Photo of the set-up for testing knee extensor strength using the IKD. The participants were seated in the IKD machine chair (Cybex, Humac Norm, US), with the lateral epicondyle of the tested side femur centered with the IKD’s input arm axis by adjusting the chair’s position. The hip knee adapter stabilizing pad was kept against the participants’ tibia at the tibial marking by adjusting the knee/hip adapter and stabilizing pad until the bar was at the correct height. The investigators strapped the torso, thigh, and tibial harness to provide stability during the test. The knee angle (90⁰ of flexion) was manually adjusted using the software and confirmed with a universal goniometer.

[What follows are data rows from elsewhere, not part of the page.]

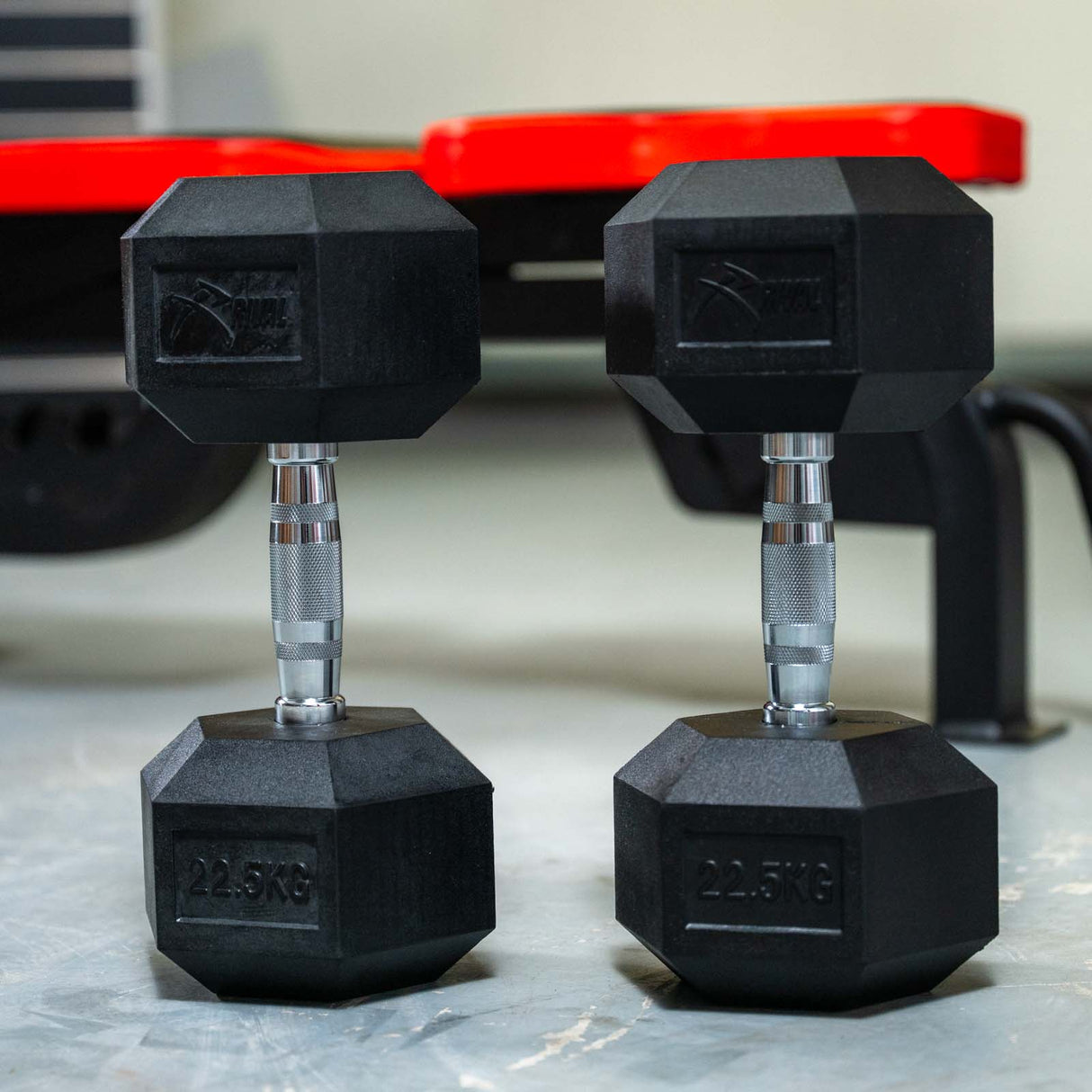 Rival Rubber Hex Dumbbell 22.5kg Pair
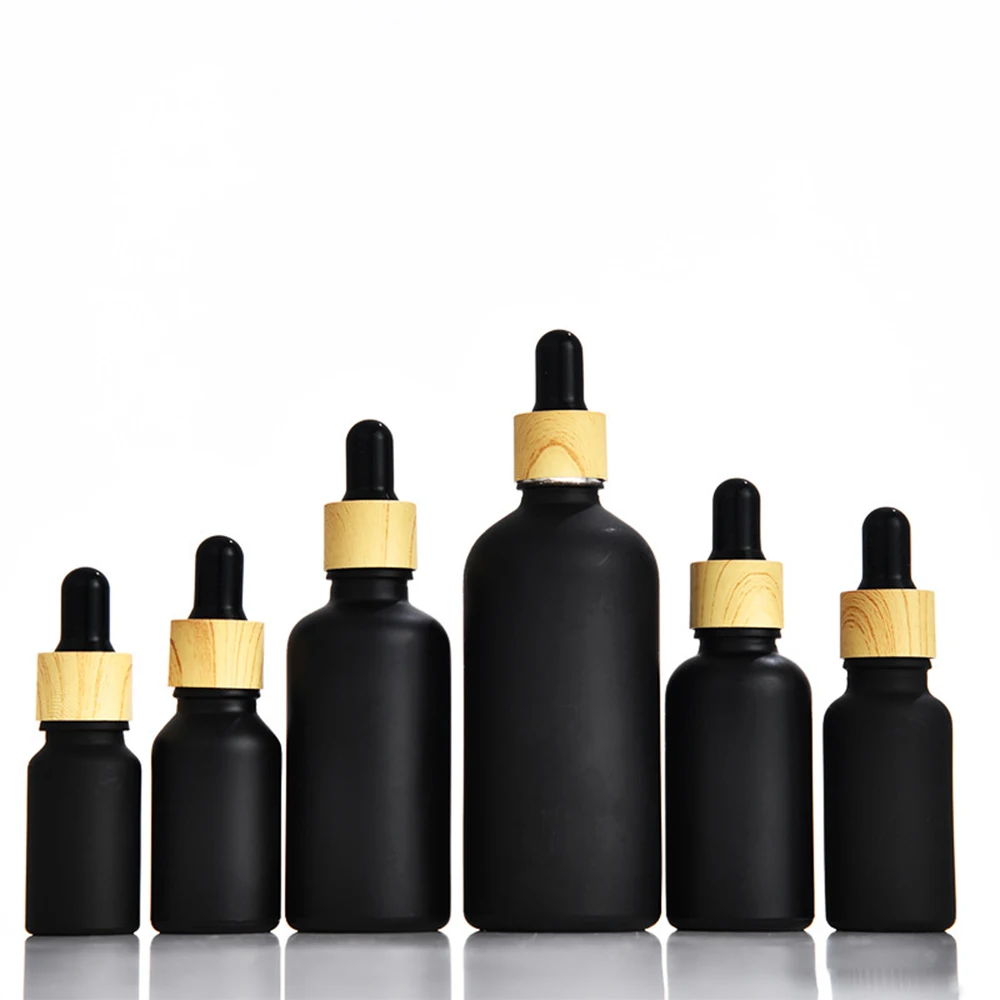 10ml 30ml 50ml 100ml Dropper 유리 병 파인 오일 병 스크럽 블랙 라이트 회피 유리 화장품 별도의 병입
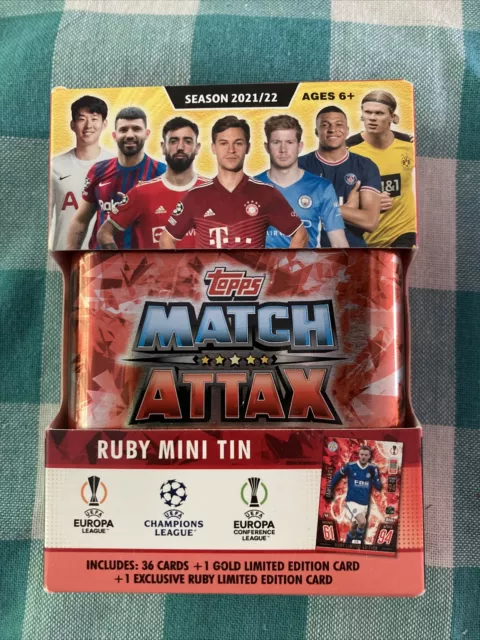 2021-22 Topps Match Attax Champions League Ruby Mini Tin 38 Cards+LE Jamie Vardy
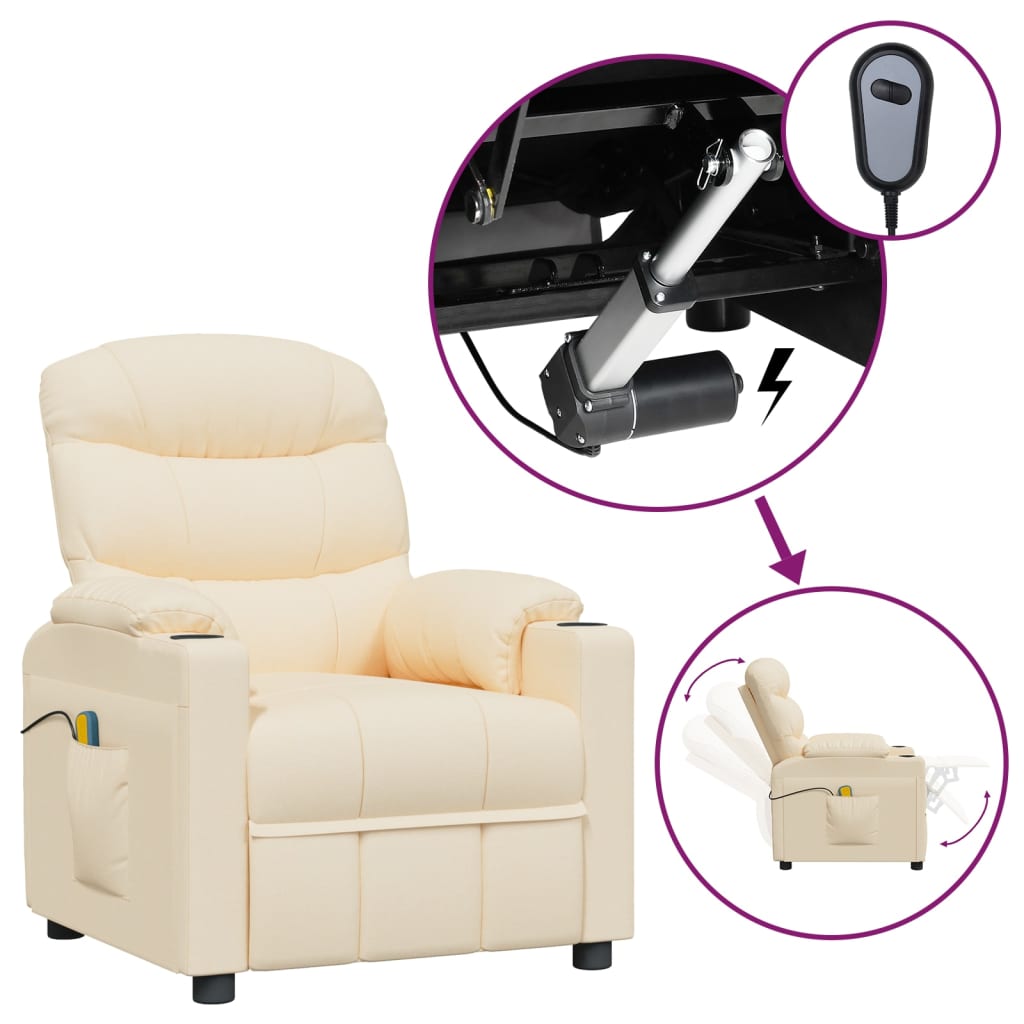 eldrevet massagestol stof cremefarvet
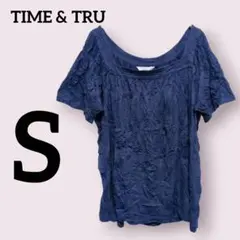 TIME & TRU【S】半袖シャツ ネイビー系 シンプル ラグランスリーブ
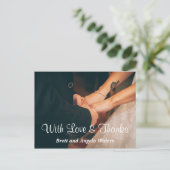 シンプル結婚の写真の愛感謝していと ポストカード (スタンド正面)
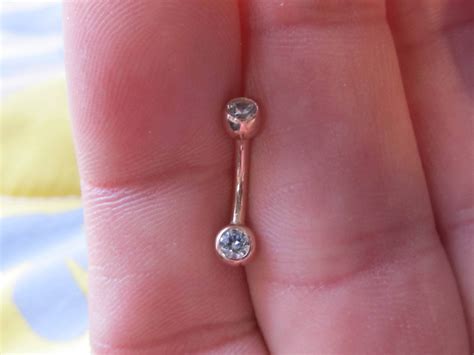 Kt Solid Rose Gold Genitalclit Hood Piercing Double Clear Etsy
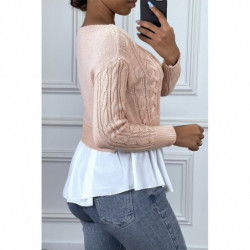 Pull rose avec volant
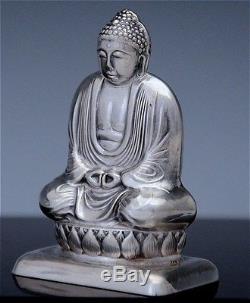 FINE JAPANESE STERLING SILVER CHINESE BUDDHA LOTUS FIGURAL SALT & PEPPER SHAKERS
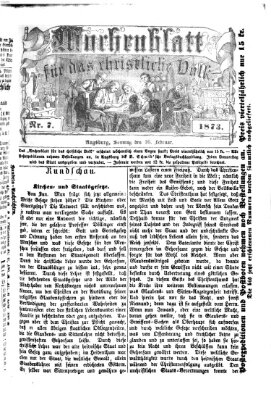 Wochenblatt für das christliche Volk Sonntag 16. Februar 1873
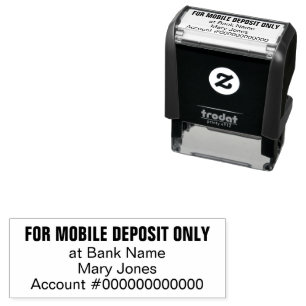 For Mobile Deposit Only Add Name Account# Bank App Self-inking Stamp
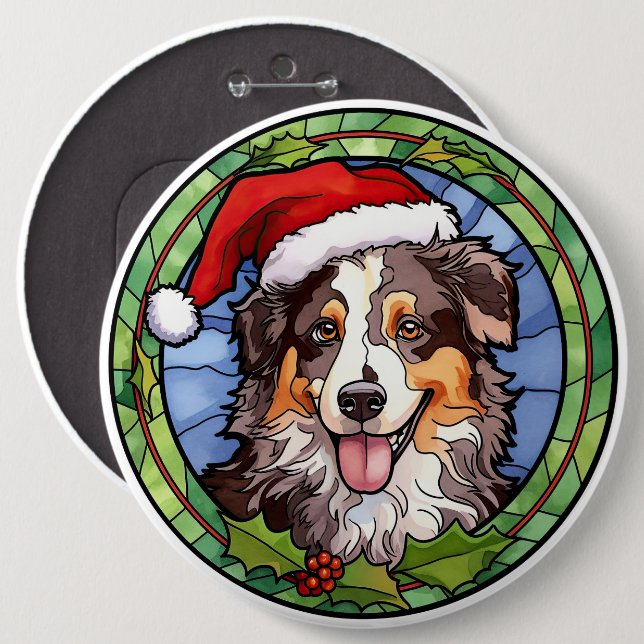 Australian Shepherd Stained Glass Christmas 6 Cm Round Badge (Front & Back)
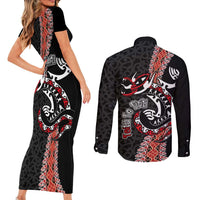 Aotearoa Toitu Te Tiriti Couples Matching Short Sleeve Bodycon Dress and Long Sleeve Button Shirt Maori Taniwha Haka - Honour the Treaty LT03 - Polynesian Pride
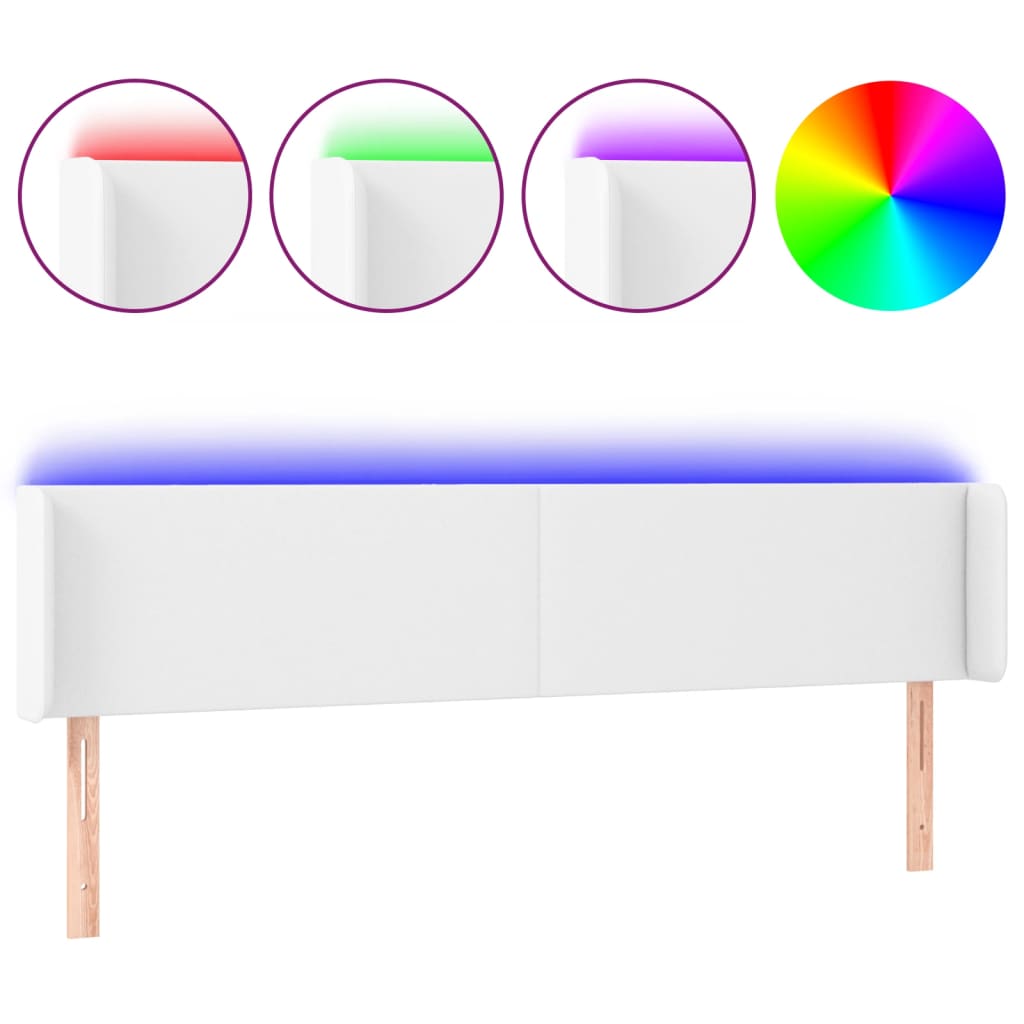 sengegavl med LED-lys 183x16x78/88 cm kunstlæder hvid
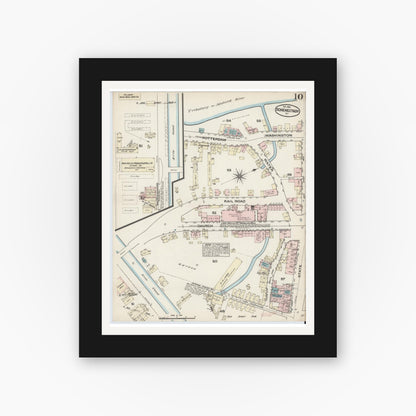 Old map wall art mockup — black gallery frame with white mat — Sanborn Fire Insurance Map from Schenectady, Schenectady County, New York (1884), Sheet #0010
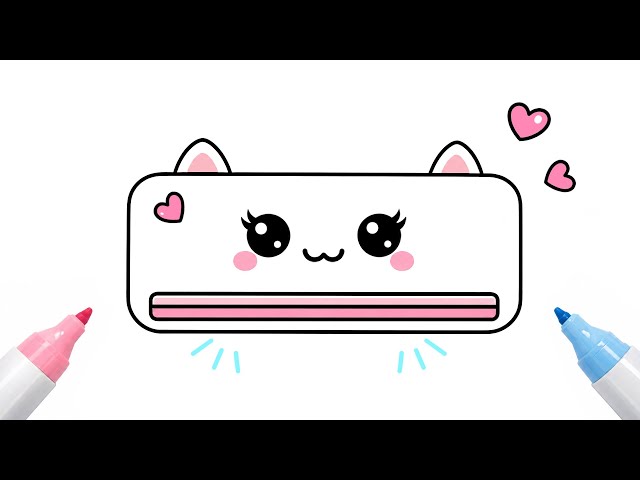 Cute Air Conditioner Drawing ❄️🩷 | Easy Kawaii Drawing for Kids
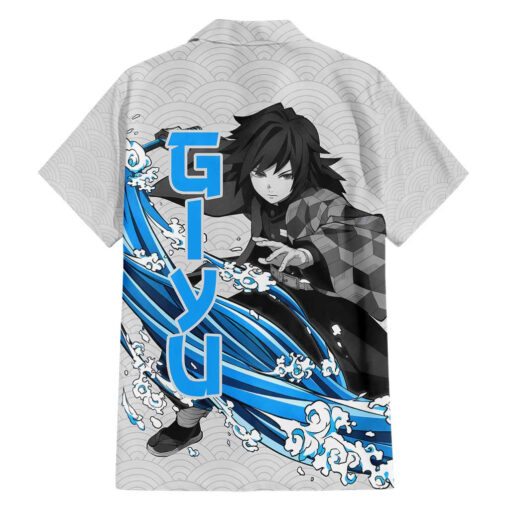 Chemise hawaïenne Giyu Demon Slayer style japonais – Image 2
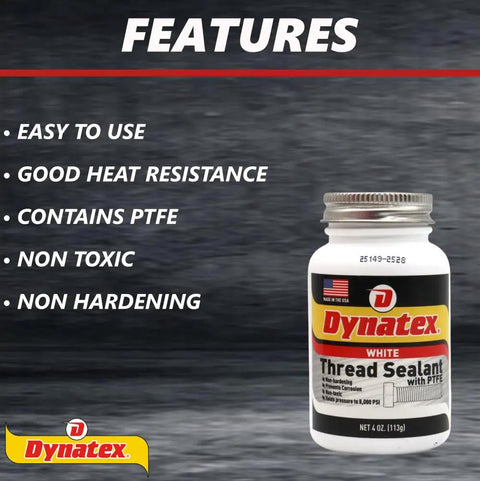 All Purpose Thread Sealant With PTFE For Threads Minus 65 To 300 Degrees Fahrenheit 4 Oz Brush Top Bottle White No Mess Non Toxic Strong Seal Up To Ten Thousand PSI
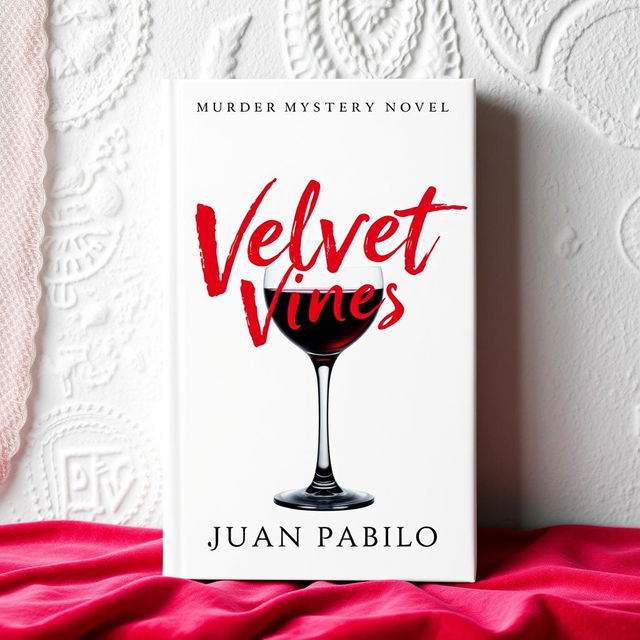 A captivating book cover for a murder mystery novel titled 'Velvet Vines' by Juan Pablo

https://doi.org/10.1371/journal.pone.0301872.g005

Statistical analyses

Statistical analysis was conducted using the SPSS version 28 (Armonk, NY: IBM Corporation). Demographics (Mean, SD, N) were calculated for participants’ general characteristics. The normality of data was checked by the Shapiro-Wilk test. The average value (Mean, SD) of three maximum force trials for each test was used for analyses. Data were analyzed as all participants combined and separately by group (HV, OA). Session one data was utilized for within-day interrater reliability analyses and ND reliability (intrarater, second rater data) using a two-way mixed random absolute agreement model (ICC2,3). Data from both sessions was used for interrater between-day reliability of the HHD and ND using a two-way random model absolute agreement (ICC 2,3) [63]. ICC values were interpreted as follows: < 0.5; poor reliability, 0.5 to 0.75; moderate reliability, 0.75 to 0.90; good reliability, and > 0.90; excellent reliability [64]. The standard error of the mean assessed absolute reliability (SEM) = SDpooled × √ (1 –ICC), where SDpooled is the mean of both SDs. Minimal detectable difference (MDD) was calculated using the formula MDD = SEM × z score × √2, and the MDD 95% (z score = 1.96).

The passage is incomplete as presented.